Saturday, May 22, 2010

New Region Events in APEX 4 – This is exciting!

With the right tools just about anything is possible. APEX 4 will be introducing all kinds of new tools many of which are well known at this point. Anthony Rayner recently let me know about another new feature not many people know about: new JavaScript events associated with AJAX enabled regions like the interactive and classic reports.

When such a region refreshes, two events will be triggered:

  • apexbeforerefresh
  • apexafterrefresh

A developer can bind to these events as follows:

apex.jQuery('#[region id]').bind('apexafterrefresh', function(){
  // your code here.
});

jQuery’s “live” method could have been used in some cases to overcome the lack of such events – but it wasn’t always enough. Some developers came up with clever workarounds using timeouts but like most workarounds the solutions were not  exactly optimal.

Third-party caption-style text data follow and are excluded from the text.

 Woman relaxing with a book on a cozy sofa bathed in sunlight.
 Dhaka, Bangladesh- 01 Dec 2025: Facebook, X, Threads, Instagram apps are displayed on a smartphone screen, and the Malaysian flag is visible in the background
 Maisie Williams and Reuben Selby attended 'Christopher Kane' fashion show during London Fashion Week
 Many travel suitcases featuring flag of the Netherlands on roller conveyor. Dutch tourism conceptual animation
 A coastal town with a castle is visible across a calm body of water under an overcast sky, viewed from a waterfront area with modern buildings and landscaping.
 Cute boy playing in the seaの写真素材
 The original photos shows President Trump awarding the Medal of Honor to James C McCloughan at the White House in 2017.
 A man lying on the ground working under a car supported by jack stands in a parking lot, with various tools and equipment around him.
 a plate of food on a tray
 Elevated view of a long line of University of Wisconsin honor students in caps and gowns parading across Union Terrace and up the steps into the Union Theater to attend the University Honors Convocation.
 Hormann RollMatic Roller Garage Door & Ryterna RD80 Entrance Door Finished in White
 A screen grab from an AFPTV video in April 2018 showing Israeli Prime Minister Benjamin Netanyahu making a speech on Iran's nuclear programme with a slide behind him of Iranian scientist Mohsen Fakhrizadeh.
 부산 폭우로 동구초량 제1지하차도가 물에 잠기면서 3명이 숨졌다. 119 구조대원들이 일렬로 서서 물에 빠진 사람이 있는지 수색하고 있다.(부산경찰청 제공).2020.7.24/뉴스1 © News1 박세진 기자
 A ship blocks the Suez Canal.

The ways in which these new events can be used may not be immediately obvious, but when developing highly interactive web 2.0 applications such events are necessary.  What’s important is that you remember these new events exist so you can employ them when you run into a situation that requires their use.

Here’s an example where someone wanted  to display a “refresh timestamp” when an IR region refreshes. I’ve put together a demo that uses the apexafterrefresh to accomplish that task as well as a more complex one: floating headers!

Have a look at the demo here. Don’t forget scroll down to get the full effect.

For those of you that would like to duplicate this functionality you’ll have to wait for APEX 4 (perhaps I’ll turn it into a plugin), but here’s the code:

8 comments:

  1. Hi Dan,

    really nice effect with the header!

    Looking forward to see that as a dynamic action plug-in!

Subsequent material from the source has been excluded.